Catholic tradition has given us some fascinating teachings and thoughts on the role of our guardian angels after we leave this life for the soul-cleansing confines of purgatory. (Assuming, of course, that we make it there and not any lower.)
According to early Church Fathers, the guardian angel leads the soul to purgatory and thereafter visits and consoles that soul until its release. The angel also helps the soul by inspiring friends and relatives left on earth to pray and offer Masses for their departed loved one.
Moreover, some spiritual writers believe that the angels reveal to the poor souls the identities of those who are praying for them on earth so that, in reciprocal fashion, the holy souls can pray for them.

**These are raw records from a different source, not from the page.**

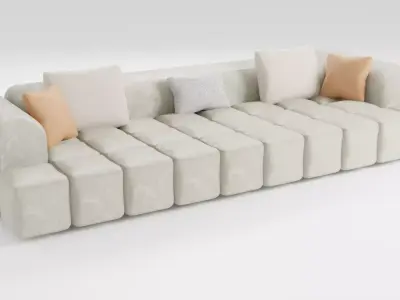 Suede sofa in a modern style in light colors 3D model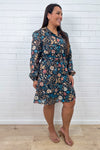 Black Blue Floral
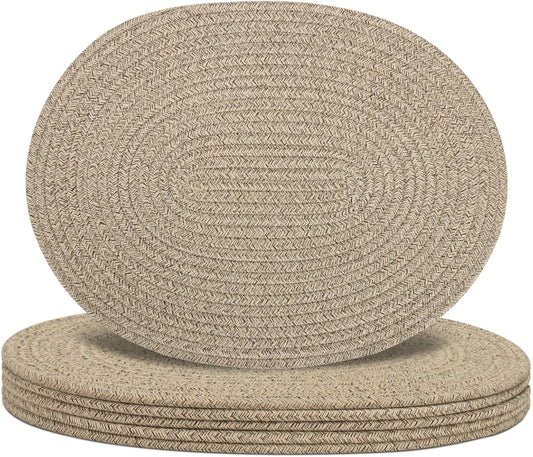 Oval Woven Placemats Set of 6, Boho Cotton Rope Braided Table Mats, 17x13 Inches Non Slip Heat Resistant Place Mats for Dining Room, Thick Hot Pads for Farmhouse Kitchen Table Decor. (Brown)
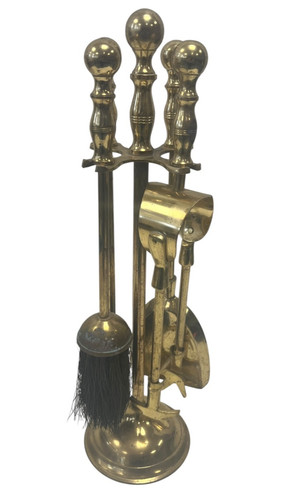 Brass fireside tools - tools, companion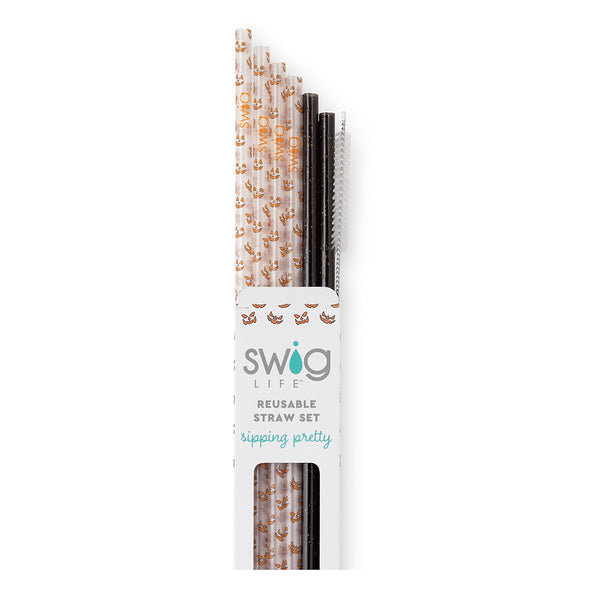 Jeepers Creepers + Black Glitter Reusable Straw Set - Swig Life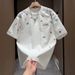 Men's Vintage Floral Embroidered T-Shirt, Retro Loose Fit Short Sleeve Tee, Couple Matching Summer Top_viptrois.com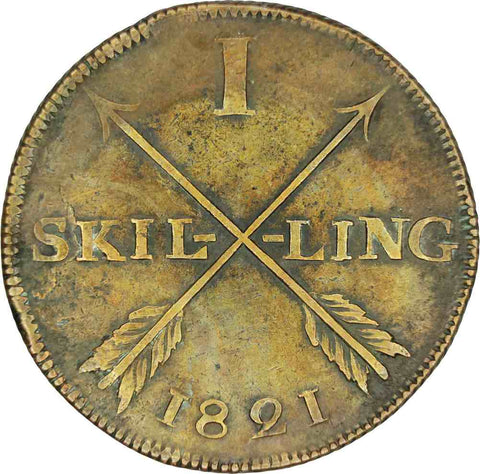 1821 Sweden Karl XIV Johan Copper one Skilling coin
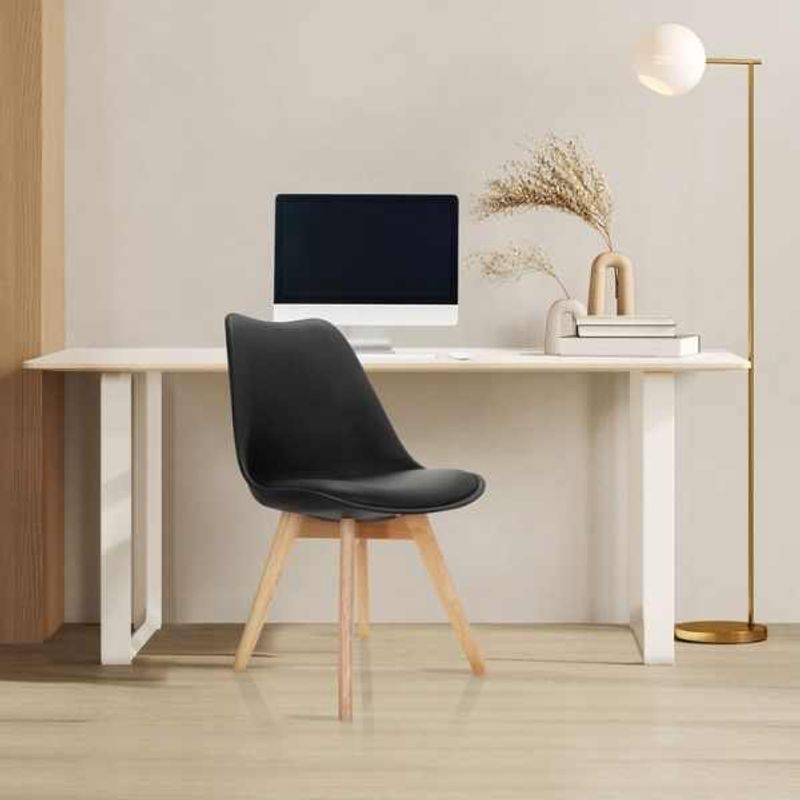 Casa si Gradina - Mobilier - Scaune si fotolii - Scaune - Set 2 Scaune cu Picioare din Lemn de Fag, Sezut din PP si Perna din Piele Ecologica, 49 x 43 x 82 cm, Negru cu Maro - Infinity.ro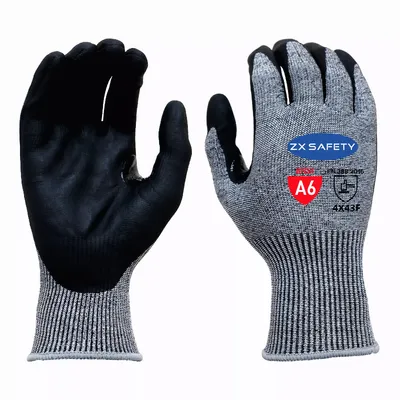 13G Hppe Basalt Cut Resistant A6 Gloves Sandy Foam Nitrile Coating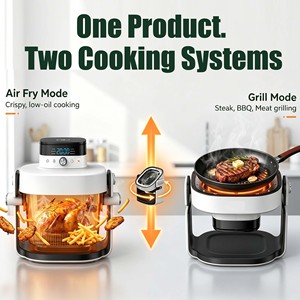 หม้อทอดไร้น้ำมันแบบแก้ว 2 in 1 ขนาด 7QT พร้อมตะแกรงย่าง สำหรับขายส่งในบราซิล - Product Image 4
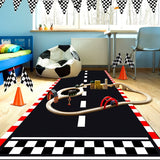 1pc Alfombra de Pista a Cuadros en Blanco y Negro, 60*250cm - Runner Deportivo de Poliéster con Diseño "START", Ideal para Fiestas Temáticas de Carreras y Decoraciones de Cumpleaños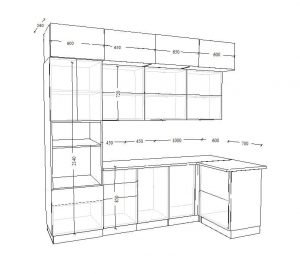plano de cocina integral pequeña con medidas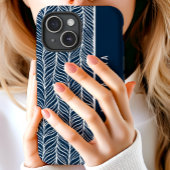 Marine En Witte Heringbone Gepersonaliseerde Naam Case-Mate iPhone Case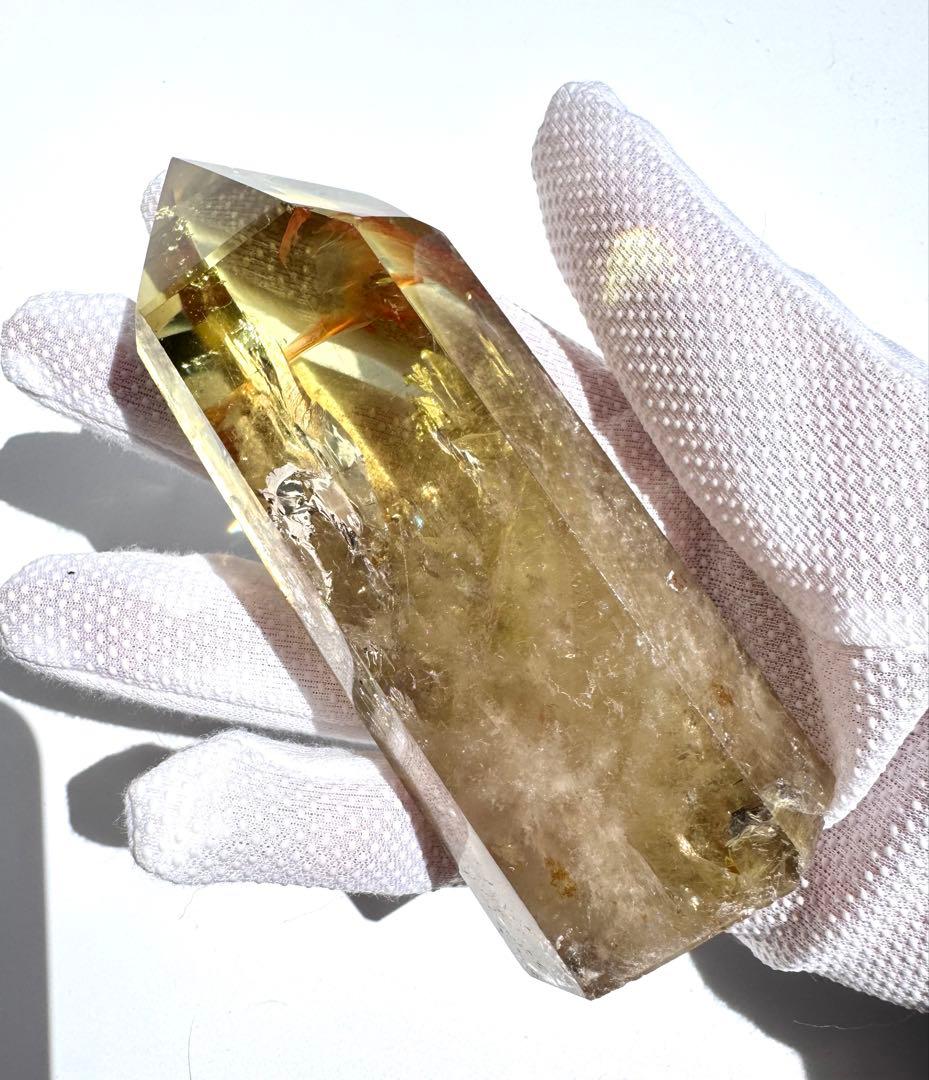 高品質 高透明 虹入り シトリン 黄水晶 六角柱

As St. Augustine tells us: “The departed may be informed by the angels of things happening in the world, insofar as this is permitted by Him to Whose judgment everything is subject.”
Some saints have even "visited" purgatory (via mystical experiences or spiritual bilocation) and witnessed for themselves the close relationship between the poor souls and their angels. St. Margaret Mary Alacoque wrote that during her experience she saw:
" . . . an immense space filled with flames and glowing coals and, amid these, a great number of poor souls in human form, raising their hands to Heaven and imploring mercy. But all the while their Guardian Angels were at their side, inspiring them with courage and comforting them in the most tender manner." (The Guardian Angels, Our Heavenly Companions, 1956)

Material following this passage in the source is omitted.